Yo también lo hago. Las caricias han dejado su huella sobre el perro y es notable la erosión en la anatomía metálica del animal. Hay una estación en honor a los guerrilleros soviéticos de la Gran Guerra Patria, como llaman
los rusos la segunda guerra mundial. Se denomina Partizanskaia. Allí está una estatua enorme de Zoia Kosmadamianskaia, una heroína que recuerda lejanamente a Juana de Arco. En las aldeas los alemanes vivían en las casas de los rusos, sobre todo en el periodo de las nevadas. Stalin emitió un ukaz de tierra arrasada contra el enemigo. Zoia cumplió el decreto al pie de la letra:
quemó los ranchos en los campos para que los alemanes se murieran de frío. Pero, claro morían también los rusos dueños de las moradas. Los alemanes la colgaron. Ahora que la historia es revisada (siempre será revisada, nadie nunca escapará de ese juicio) muchos opinan que no reúne lo requisitos para que se le venere como heroína, pues la tal Zoia fue entregada a los alemanes por los propios rusos que veían en ella un azote que los dejaba sin abrigo en pleno hielo invernal. Además,muestran hasta sus historias clínicas de paciente siquiátrica para desacreditarla.
LUNES, 5 DE ENERO
14 grados bajo cero.
Un gorrión salta de un árbol a otro. El gorrión tiene el mismo color grisáceo de los árboles desnudos. El ave se posa sobre la nieve y luego vuela hasta su nido sobre un abedul muy alto.
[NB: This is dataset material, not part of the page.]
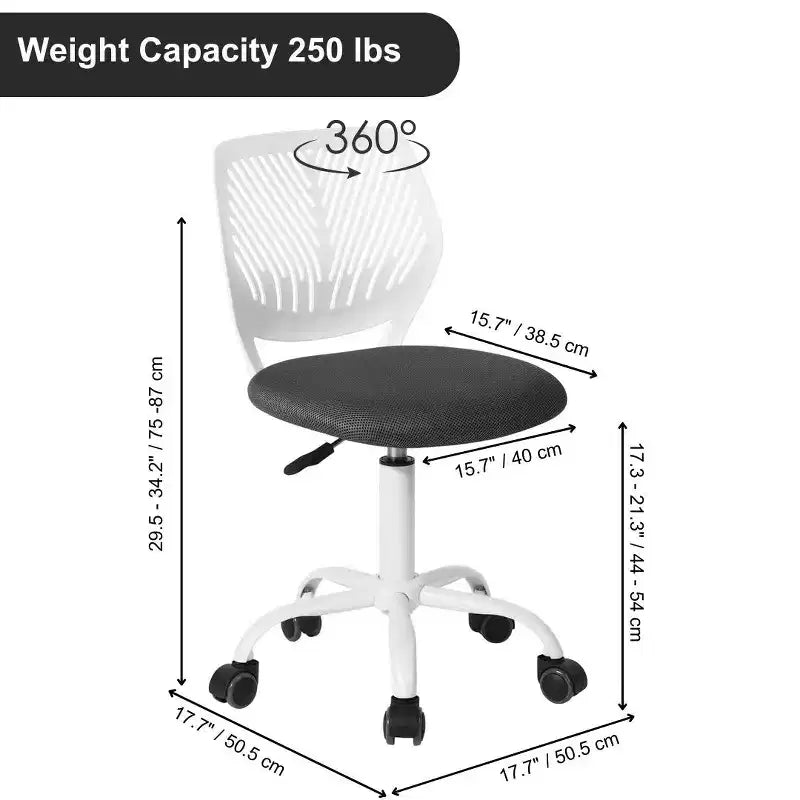 Adjustable Armless Swivel Study Chair for Kids, Dorm & Small Home Office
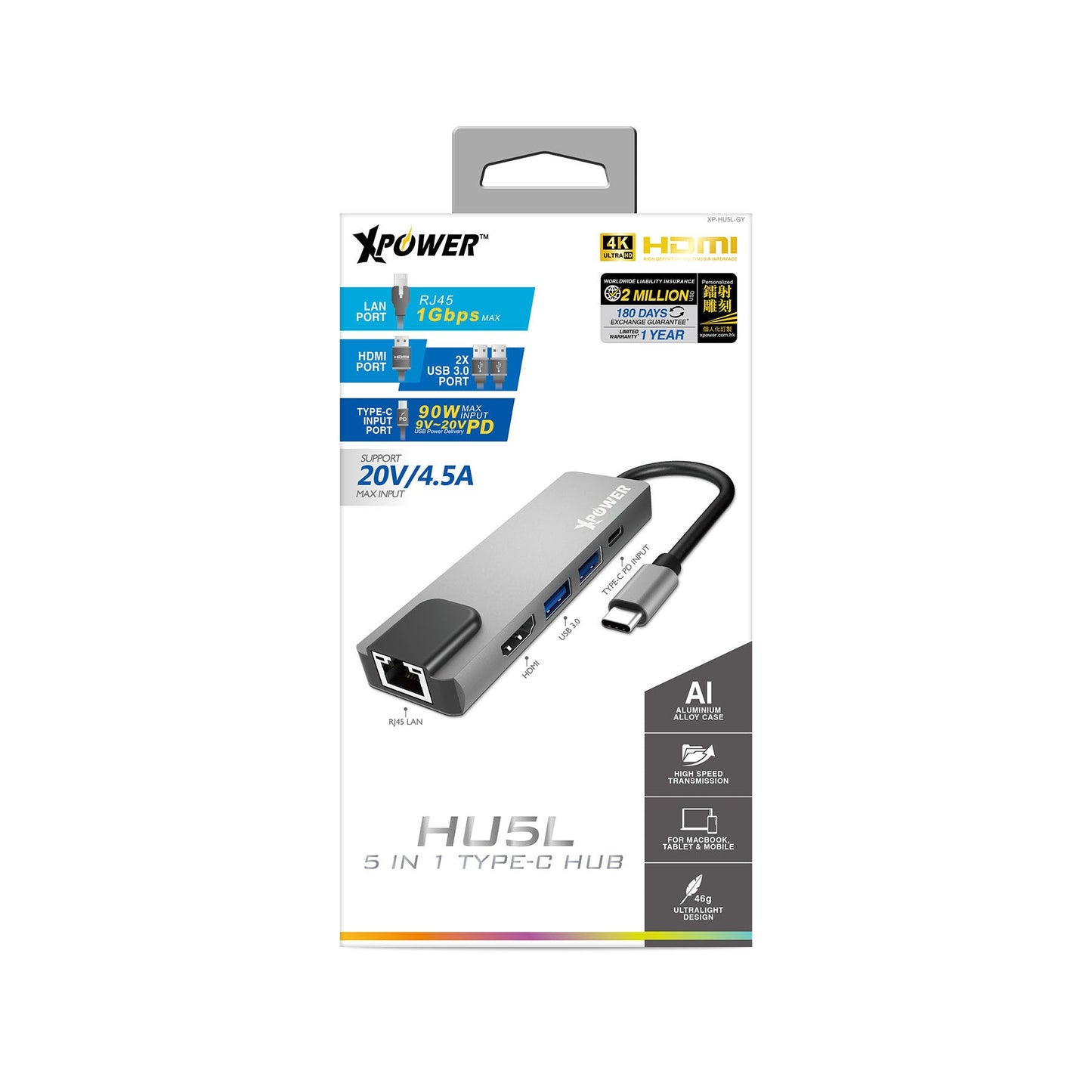 HU5L 5 In 1 90W PD Hub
En la noche vamos al restaurant Glavpivtorg. Está ambientado en los años setenta y ochenta del siglo XX, y la música es de esa época. Sirven una bandeja de tragos que llaman la locomotora: infusiones alcohólicas y vodkas de distintos sabores. Lida, Katia , esposa e hija de Serguei, respectivamente; Natalia, Natalí y yo brindamos por la navidad que se va, por el invierno ,y porque son otros tiempos mejores sin persecuciones políticas y colas enormes en los mercados. Por los ventanales se ve la nieve caer bajo una luz tenue. El termómetro de la calle marca 20 grados bajo cero. La gente camina apresurada. La orquesta toca la Bamba en perfecto español. En el segundo piso hay una biblioteca, porque se supone que el bar es para intelectuales, gente de trabajo, pero del siglo pasado. Allí están las obras de Marx y Lénin; y es casi seguro que están solamente en este sitio público cumpliendo la función decorativa que les impuso la rueda dialéctica de la historia de la que tanto hablaron ellos. De regreso caminamos un largo trayecto hasta el Metro. De nuestro lado, una placa recuerda que allí trabajó Andropov, uno de los últimos jerarcas soviéticos. La KGB está del otro lado de la calle. En el medio está la redoma donde una vez estuvo imponente la estatua de su fundador, Félix Dezhenki .Ahora allí hay una piedra que simboliza las cárceles de los reprimidos en la era soviética. Por supuesto, la piedra no está sola: un arbolito navideño la acompaña.